When the kubelet flag `--register-node` is true (the default), the kubelet will attempt to
register itself with the API server.  This is the preferred pattern, used by most distros.

For self-registration, the kubelet is started with the following options:

  - `--api-servers` - Location of the apiservers.
  - `--kubeconfig` - Path to credentials to authenticate itself to the apiserver.
  - `--cloud-provider` - How to talk to a cloud provider to read metadata about itself.
  - `--register-node` - Automatically register with the API server.
  - `--node-ip`   IP address of the node.
  - `--node-labels` - Labels to add when registering the node in the cluster.
  - `--node-status-update-frequency` - Specifies how often kubelet posts node status to master.

Currently, any kubelet is authorized to create/modify any node resource, but in practice it only creates/modifies
its own. (In the future, we plan to only allow a kubelet to modify its own node resource.)

#### Manual Node Administration

A cluster administrator can create and modify node objects.

If the administrator wishes to create node objects manually, set the kubelet flag
`--register-node=false`.

The administrator can modify node resources (regardless of the setting of `--register-node`).
Modifications include setting labels on the node and marking it unschedulable.

Labels on nodes can be used in conjunction with node selectors on pods to control scheduling,
e.g. to constrain a pod to only be eligible to run on a subset of the nodes.

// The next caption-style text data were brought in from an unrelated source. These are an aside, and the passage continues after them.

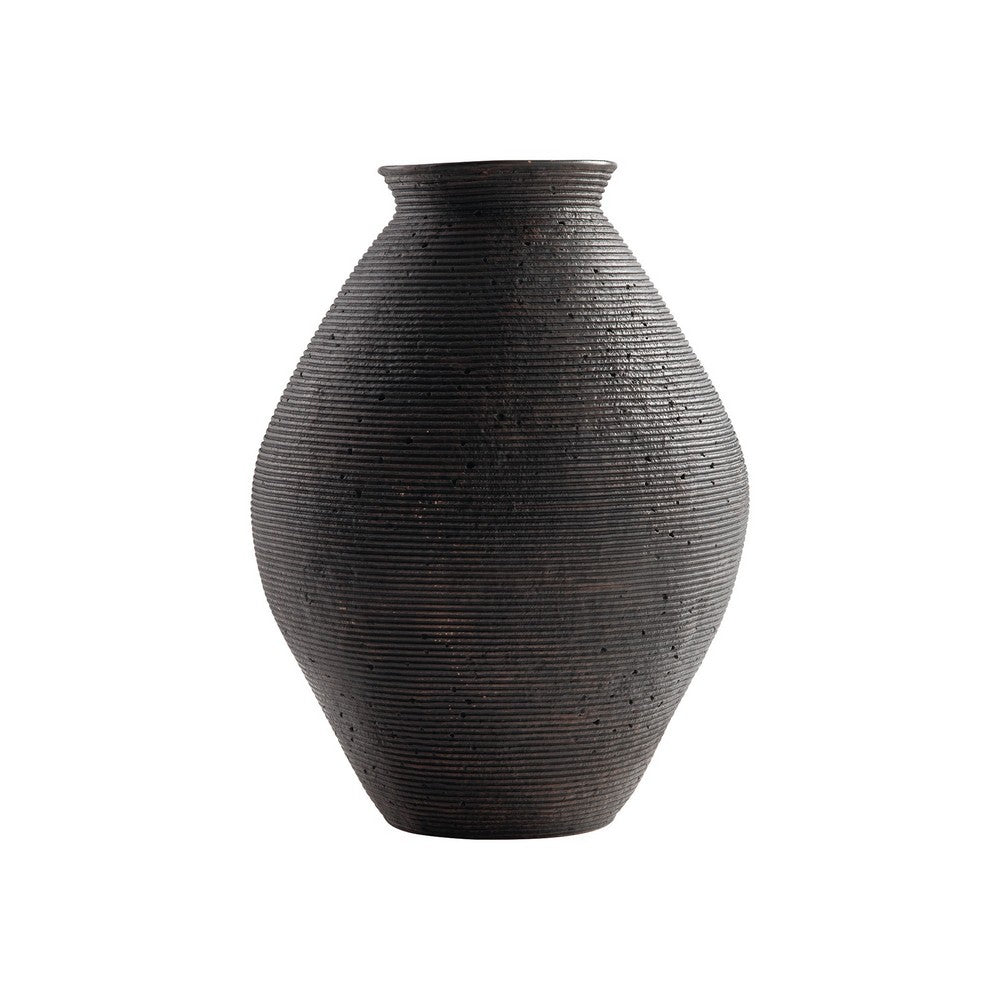 Dale 17 Inch Round Polyresin Vase, Tightly Ribbed Texture, Antique Brown - BM283063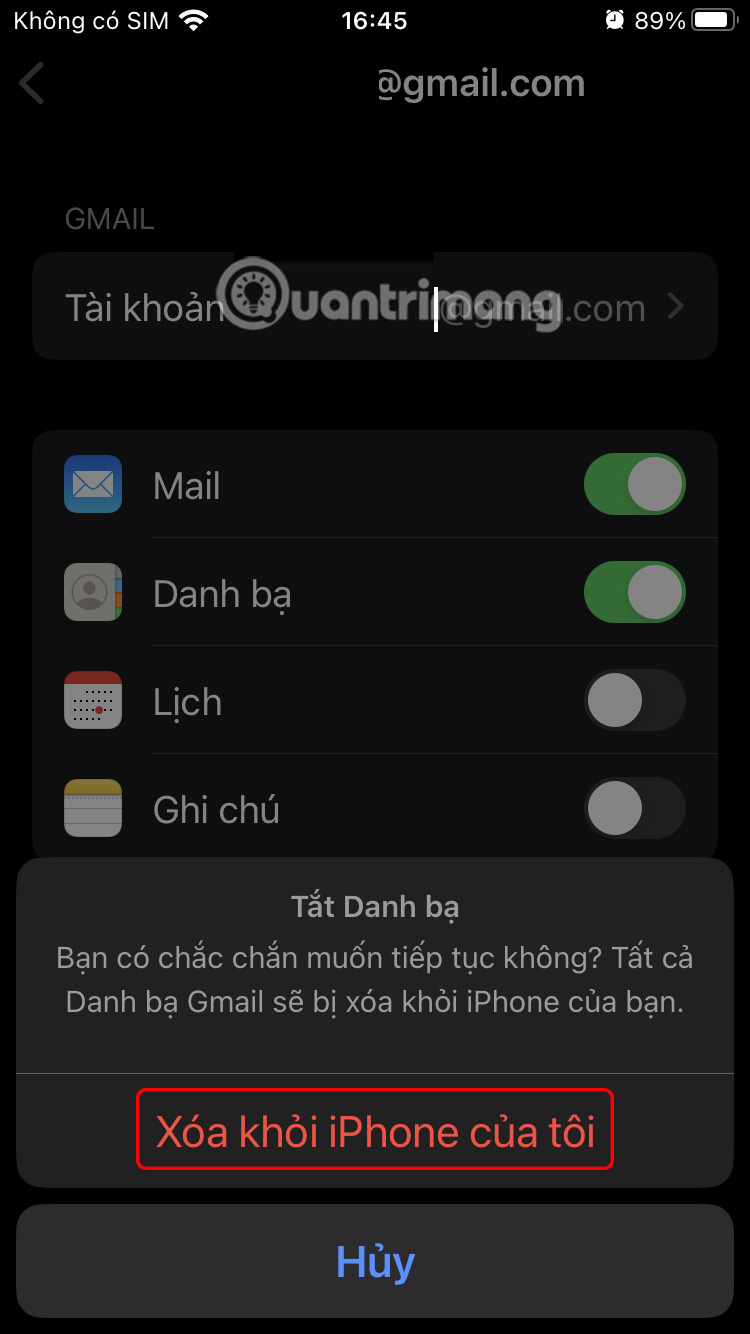 Xóa khỏi iPhone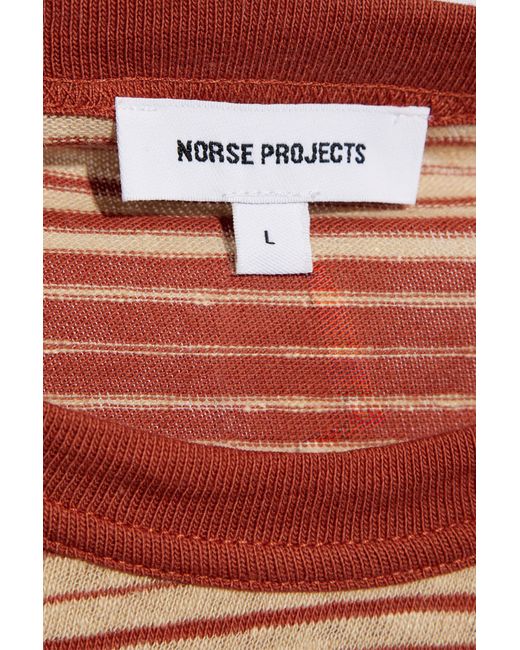 Norse Projects Orange T-shirt 'johannes', for men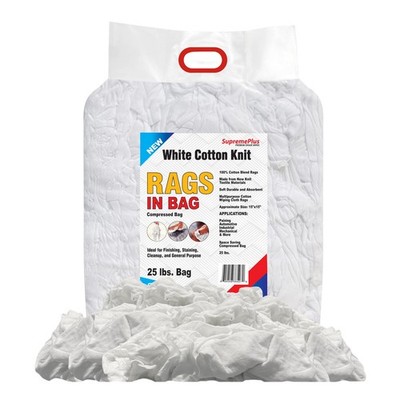 Premium White Knit T-Shirt Cotton Cleaning Rags - Multipurpose Cleaning Cloths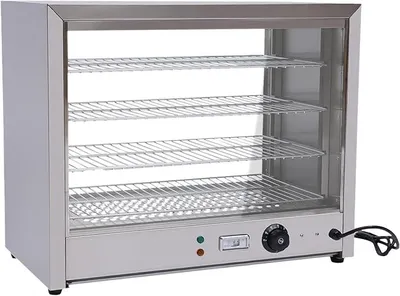 Produktbild von Profi Gastro Heiße Theke Warmhaltevitrine, 4Etagen Gastro SpeisenwäRmer mit Beleuchtung und gehärtetes Glas, Edelstahl Speisenwärmer, 30-85°C, 64 × 34 × 53cm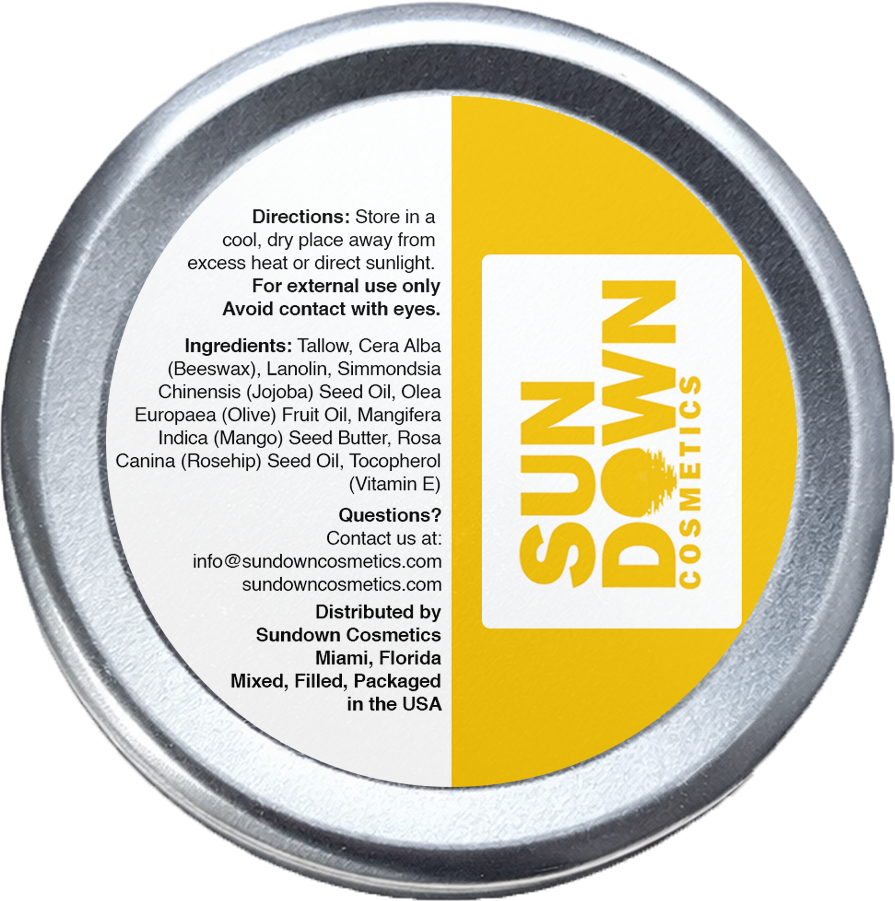 Sundown Cosmetics product container with back label on a white background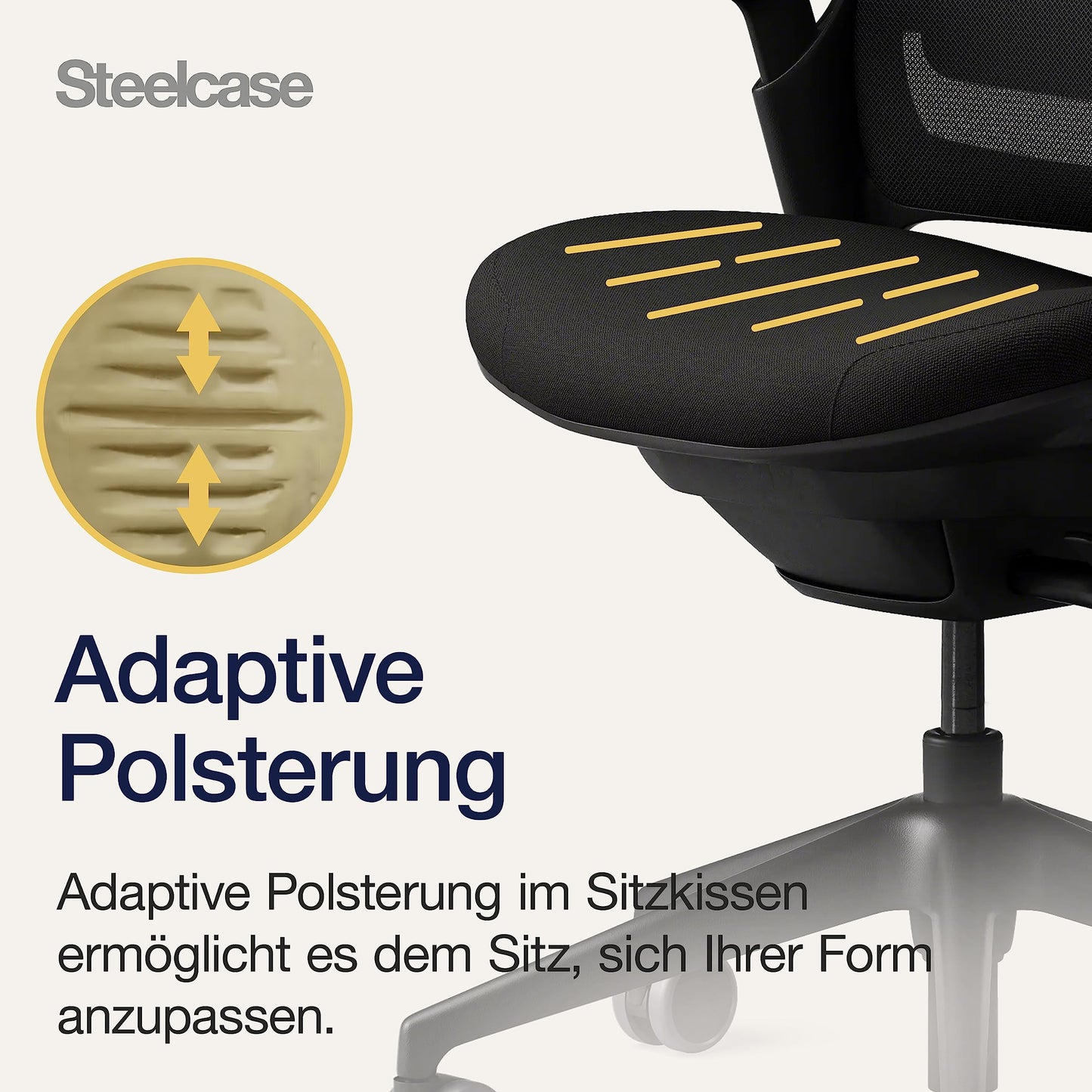 Steelcase Series 1 Ergonomischer Bürostuhl mit LiveBack Lumbalstütze und 4D-Armlehnen Onyx Schwarz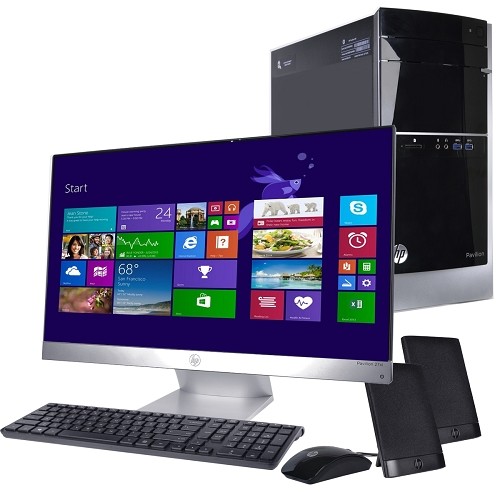 HP Pavilion 500-277cb Core i7-4770 Quad-Core 3.4GHz 12GB 1TB DVDRW W8.1 Desktop PC & 27" HP 1080p IPS LED Monitor Bundle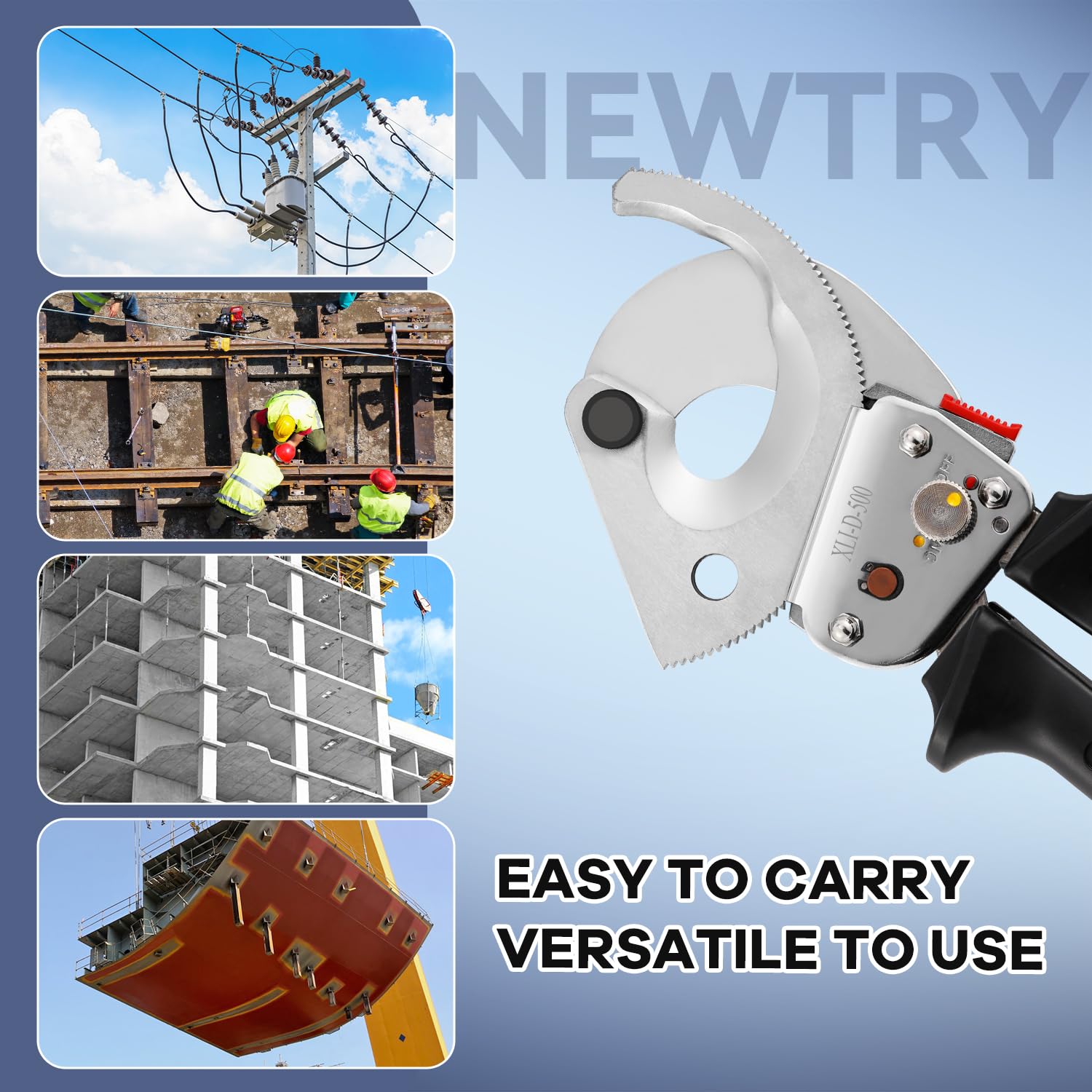 NEWTRY Herramienta Cortacables de Carraca de Alta Resistencia para Cortar Cables de Cobre y Aluminio de hasta 500mm², Acero Inoxidable con Mango Retráctil, XLJ-D-500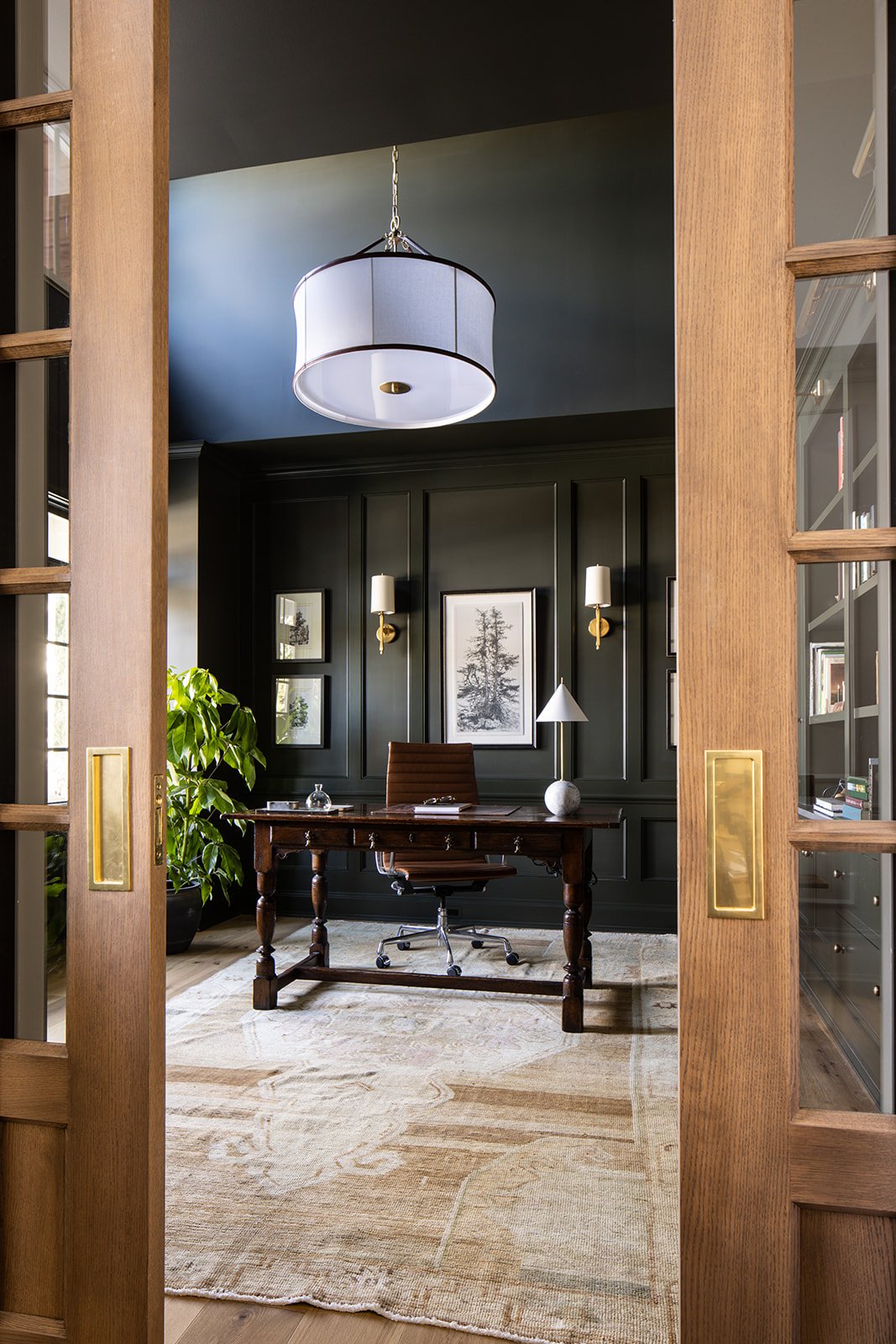 Jean Stoffer Design - Stoffer Photography Interiors- captivating Honey Creek Home - desk - office - home office - pocket doors - 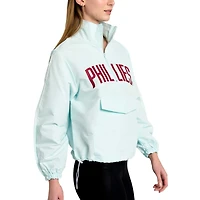 Veste à demi-zip Lusso pour femmes, bleu clair, Philadelphia Phillies Parker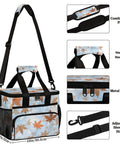 Insulated Picnic Backpack With Lunch Box for Women and Men, 12x8.7x10in, leaf pattern, adjustable strap, sturdy handle, metal zipper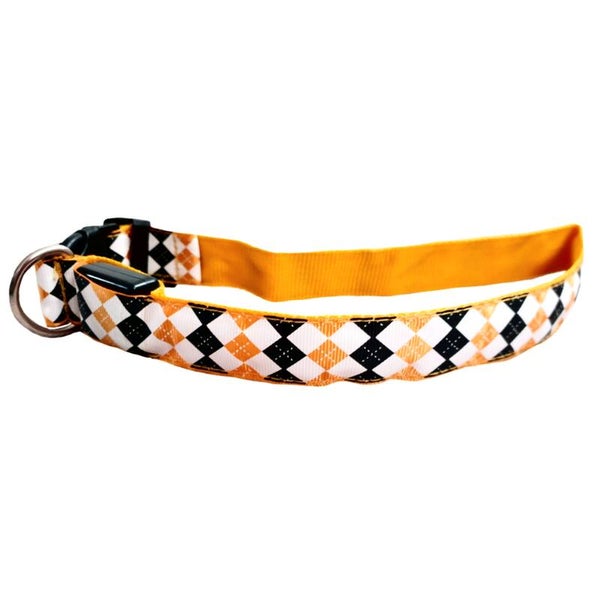 LED halsband "Ruit" oranje M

Marking a node as unschedulable will prevent new pods from being scheduled to that
node, but will not affect any existing pods on the node. This is useful as a
preparatory step before a node reboot, etc. For example, to mark a node
unschedulable, run this command:

```shell
kubectl cordon $NODENAME
```

Note that pods which are created by a daemonSet controller bypass the Kubernetes scheduler,
and do not respect the unschedulable attribute on a node.  The assumption is that daemons belong on
the machine even if it is being drained of applications in preparation for a reboot.

### Node capacity

The capacity of the node (number of cpus and amount of memory) is part of the node object.
Normally, nodes register themselves and report their capacity when creating the node object. If
you are doing [manual node administration](#manual-node-administration), then you need to set node
capacity when adding a node.

The Kubernetes scheduler ensures that there are enough resources for all the pods on a node.  It
checks that the sum of the limits of containers on the node is no greater than the node capacity.  It
includes all containers started by the kubelet, but not containers started directly by Docker nor
processes not in containers.

If you want to explicitly reserve resources for non-pod processes, you can create a placeholder
pod. Use the following template:

```yaml
apiVersion: v1
kind: Pod
metadata:
  name: resource-reserver
spec:
  containers:
  - name: sleep-forever
    image: gcr.io/google_containers/pause:0.8.0
    resources:
      limits:
        cpu: 100m
        memory: 100Mi
```

Set the `cpu` and `memory` values to the amount of resources you want to reserve.
Place the file in the manifest directory (`--config=DIR` flag of kubelet).  Do this
on each kubelet where you want to reserve resources.


## API Object

Node is a top-level resource in the Kubernetes REST API. More details about the
API object can be found at: [Node API
object](/docs/api-reference/v1/definitions/#_v1_node).